Advantage: This approach is threshold-free in the traditional sense; the critical value is determined statistically by the sample size, removing the need for manual tuning on labeled data.

D. Training Diagnostics

The framework includes a built-in diagnostic: the MV-KS test is applied to the training data itself.

If the training data fails the GOF test (high KS score), it indicates the model capacity or the chosen inductive bias is insufficient to capture the data's dynamics.
If the training data passes, the model is deemed "compliant," and the resulting critical value is trusted for inference.

3. Key Contributions

State-Space Deep Generative Model: A novel architecture coupling Conditional Normalizing Flows with explicit, prescribed latent dynamics (e.g., linear-Gaussian) to enforce temporal coherence.
Unsupervised, Threshold-Free AD: A detection method based on Goodness-of-Fit (MV-KS) tests in the latent space. It identifies anomalies even in high-density regions of the observation space where likelihood-based methods fail.
Compliance Diagnostics: A mechanism to verify if the model has successfully learned the inductive bias, providing a data-driven signal for when the unsupervised detector is ready for deployment.
Empirical Validation: Demonstrated robustness against frequency, amplitude, and noise anomalies in synthetic data, and competitive performance on real-world benchmarks (TSB-AD).

4. Experimental Results

The authors evaluated the framework on synthetic data and real-world datasets (TSB-AD benchmark).

Synthetic Data:
- Failure of NLL: Standard NLL-based scoring failed to detect amplitude anomalies because the CNF mapped these points to high-density latent regions.
- Success of MV-KS: The proposed method successfully detected amplitude, frequency, and noise anomalies by identifying deviations in the temporal evolution of the latent trajectory, even when the point density was high.
- Window Size Sensitivity: Optimal performance was found with a window size of $O(D^3)$ (e.g., $w=64$ for 4D data). Too small windows were noisy; too large windows diluted anomalies.
Real-World Data (TSB-AD):
- Performance: The method achieved competitive results (often matching or exceeding baselines like TimesNet, OmniAnomaly, and AutoEncoders) on the Volume Under the Surface Precision-Recall (VUS-PR) metric.
- Correlation with Compliance: High performance correlated with high "FIT" scores (percentage of training sequences passing the GOF test). For example, on the "Stock" dataset (100% FIT), the method performed exceptionally well. On "MITDB" (0% FIT), performance dropped, validating the diagnostic utility.
- Unsupervised vs. Oracle: The unsupervised MV-KS approach (using the statistical critical value) performed close to an "oracle" thresholded version, proving the viability of the label-free approach.
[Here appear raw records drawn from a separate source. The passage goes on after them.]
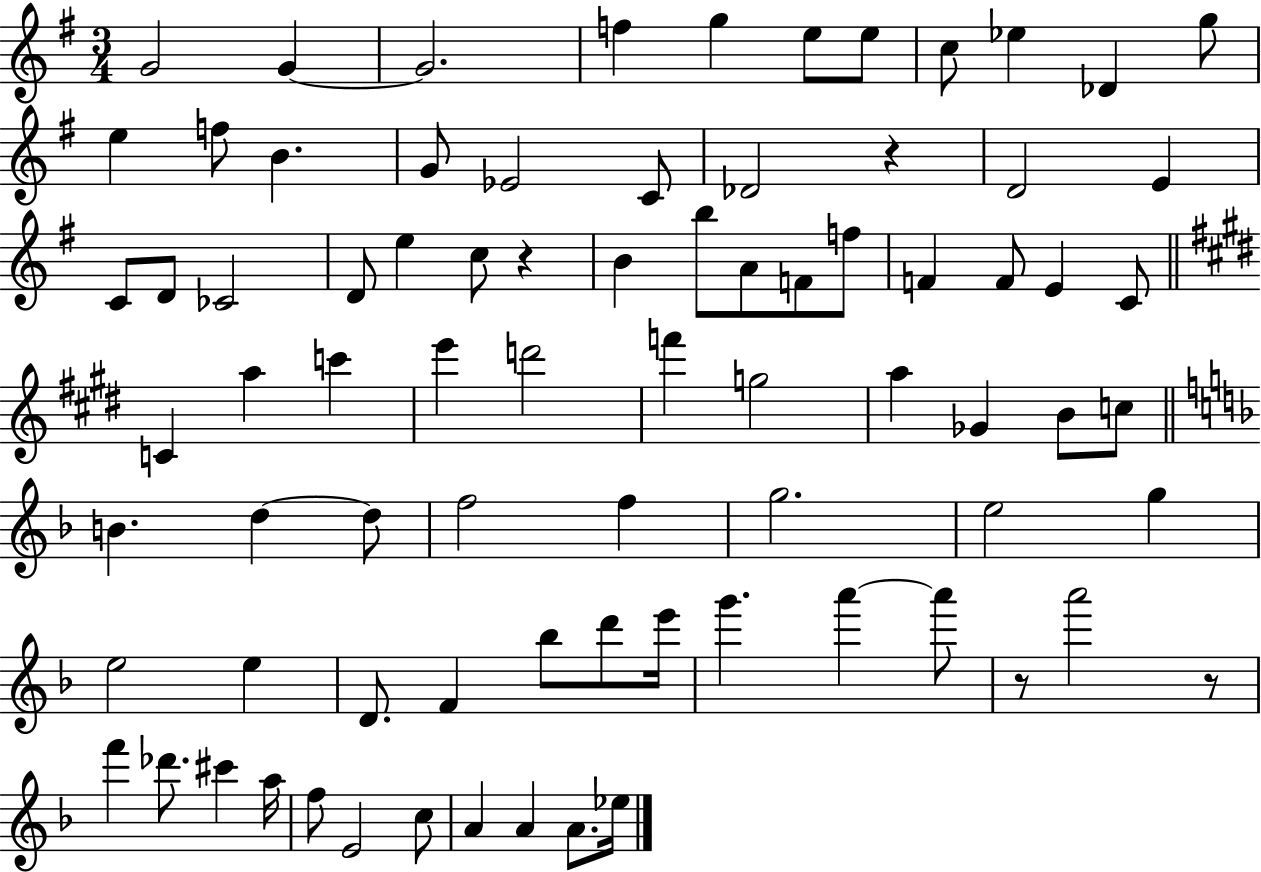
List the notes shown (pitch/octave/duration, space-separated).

G4/h G4/q G4/h. F5/q G5/q E5/e E5/e C5/e Eb5/q Db4/q G5/e E5/q F5/e B4/q. G4/e Eb4/h C4/e Db4/h R/q D4/h E4/q C4/e D4/e CES4/h D4/e E5/q C5/e R/q B4/q B5/e A4/e F4/e F5/e F4/q F4/e E4/q C4/e C4/q A5/q C6/q E6/q D6/h F6/q G5/h A5/q Gb4/q B4/e C5/e B4/q. D5/q D5/e F5/h F5/q G5/h. E5/h G5/q E5/h E5/q D4/e. F4/q Bb5/e D6/e E6/s G6/q. A6/q A6/e R/e A6/h R/e F6/q Db6/e. C#6/q A5/s F5/e E4/h C5/e A4/q A4/q A4/e. Eb5/s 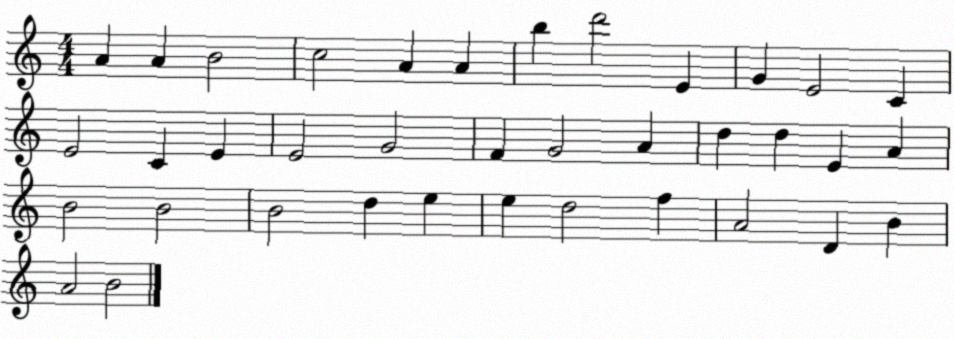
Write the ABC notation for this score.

X:1
T:Untitled
M:4/4
L:1/4
K:C
A A B2 c2 A A b d'2 E G E2 C E2 C E E2 G2 F G2 A d d E A B2 B2 B2 d e e d2 f A2 D B A2 B2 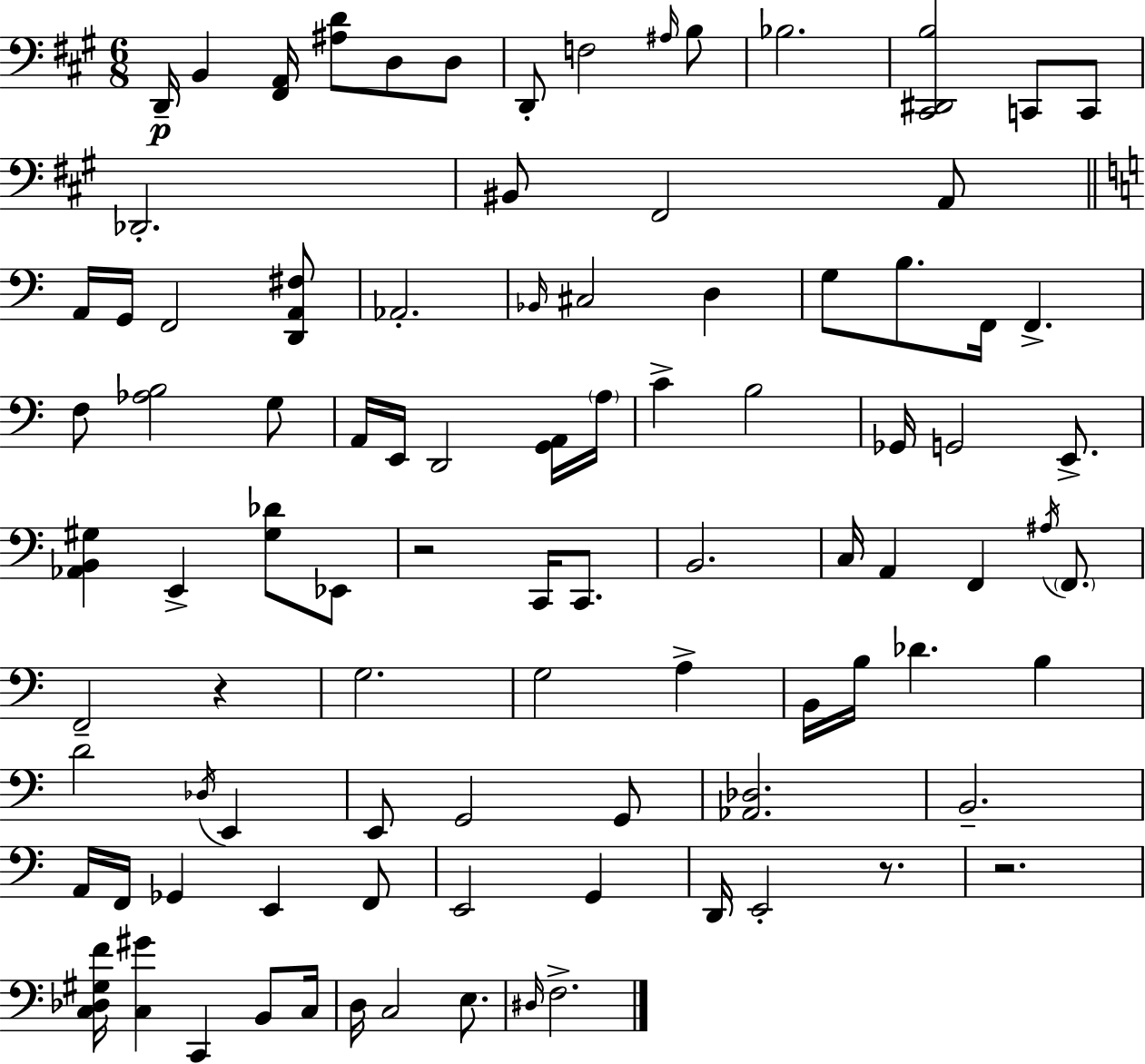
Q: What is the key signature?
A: A major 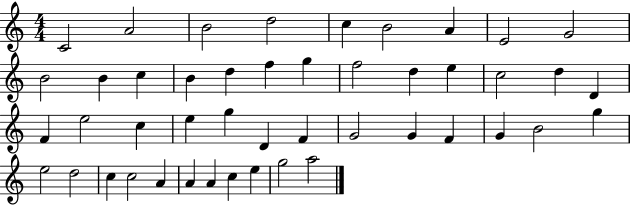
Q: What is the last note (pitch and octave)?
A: A5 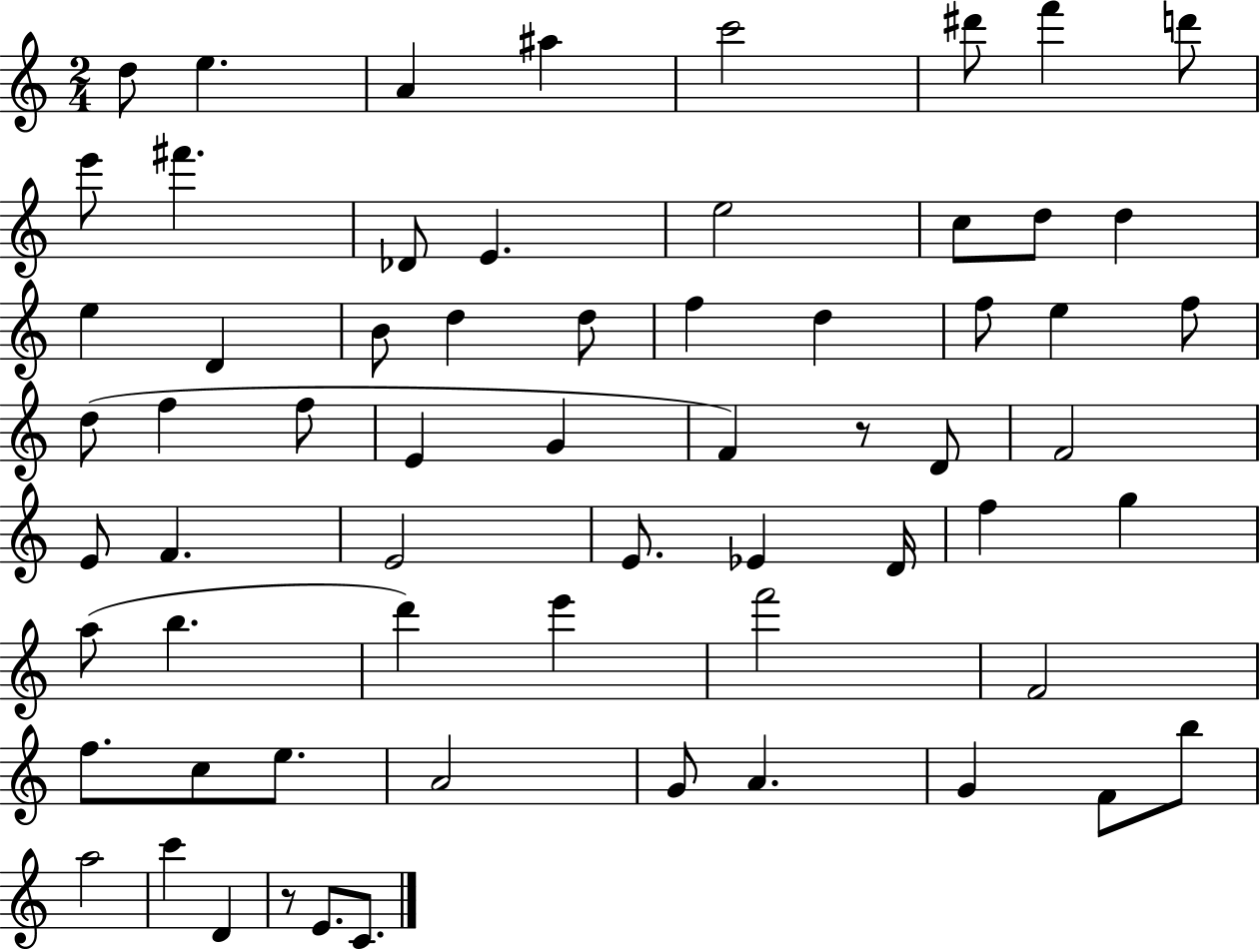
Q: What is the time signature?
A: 2/4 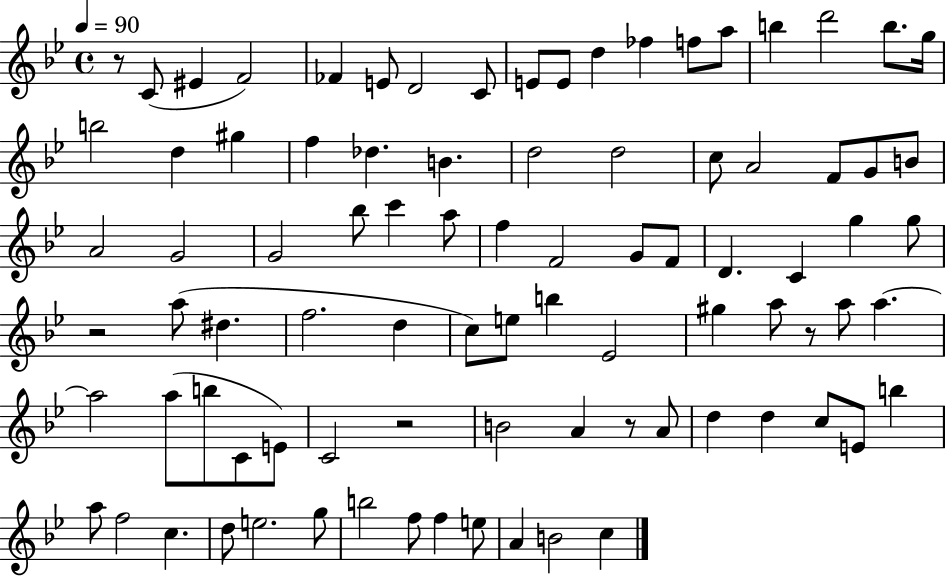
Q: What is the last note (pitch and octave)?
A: C5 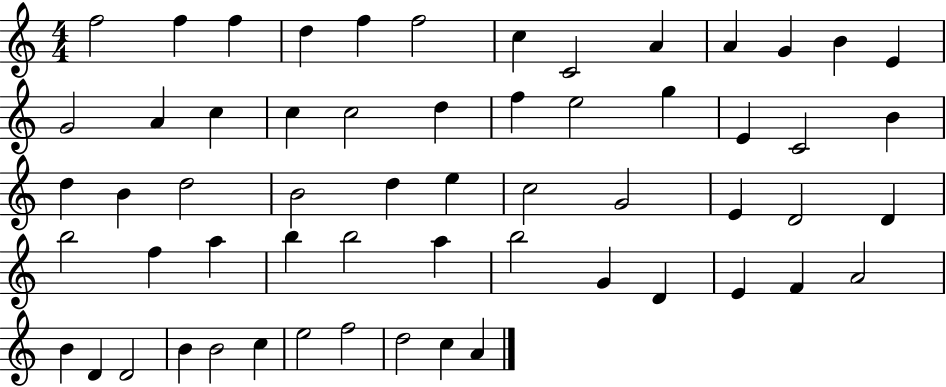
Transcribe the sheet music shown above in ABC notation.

X:1
T:Untitled
M:4/4
L:1/4
K:C
f2 f f d f f2 c C2 A A G B E G2 A c c c2 d f e2 g E C2 B d B d2 B2 d e c2 G2 E D2 D b2 f a b b2 a b2 G D E F A2 B D D2 B B2 c e2 f2 d2 c A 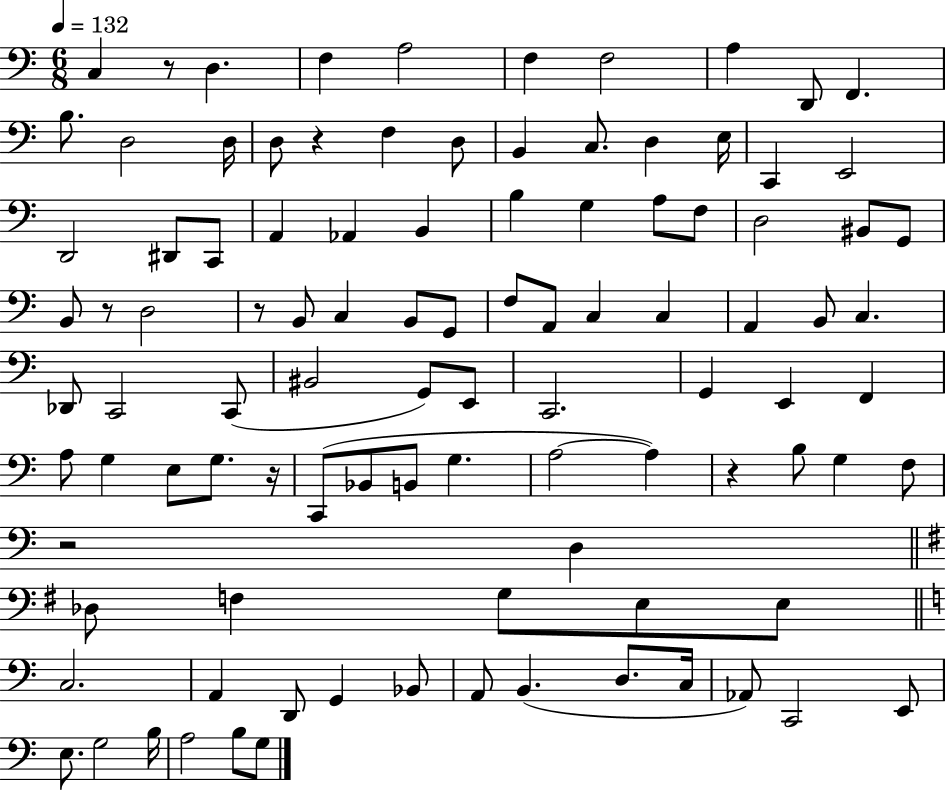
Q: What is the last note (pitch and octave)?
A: G3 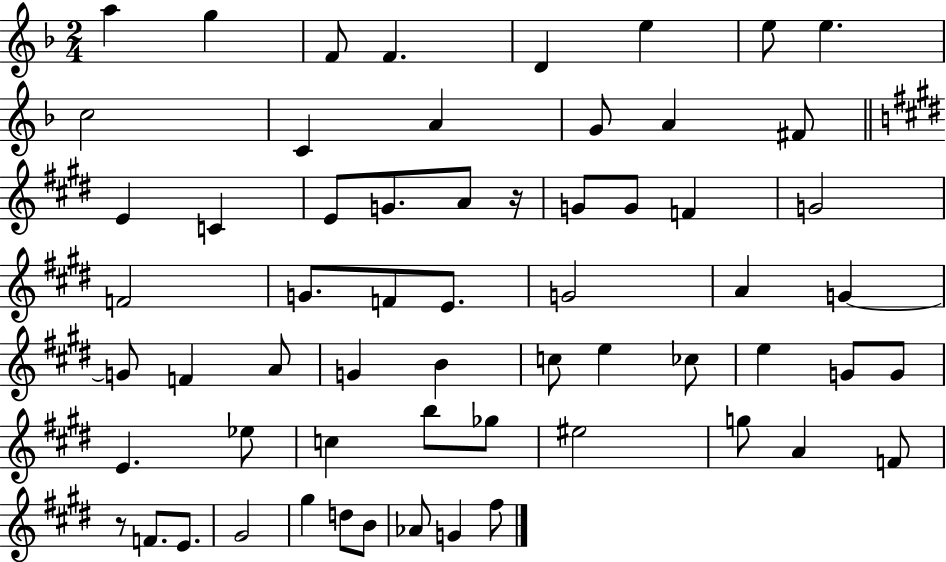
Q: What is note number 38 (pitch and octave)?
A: CES5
5. Significance and Conclusion

This paper offers a paradigm shift in deep generative anomaly detection:

From Density to Dynamics: It moves the focus from "how likely is this point?" to "does this trajectory follow the rules of time?"
Interpretability: By visualizing the latent space (e.g., seeing trajectories deviate from the Gaussian manifold), the method provides interpretable diagnostics of why a sequence is anomalous.
Robustness: It solves the "likelihood paradox" where OOD samples receive high likelihood scores by enforcing structural constraints that such samples cannot satisfy.
Practicality: The inclusion of a training-time compliance check allows practitioners to know a priori if their model is suitable for deployment, reducing the risk of false negatives in critical applications.

The authors conclude that while the method is sensitive to model capacity and the choice of inductive bias, it provides a principled, statistically grounded framework for unsupervised time-series anomaly detection that outperforms traditional likelihood-based approaches in complex scenarios.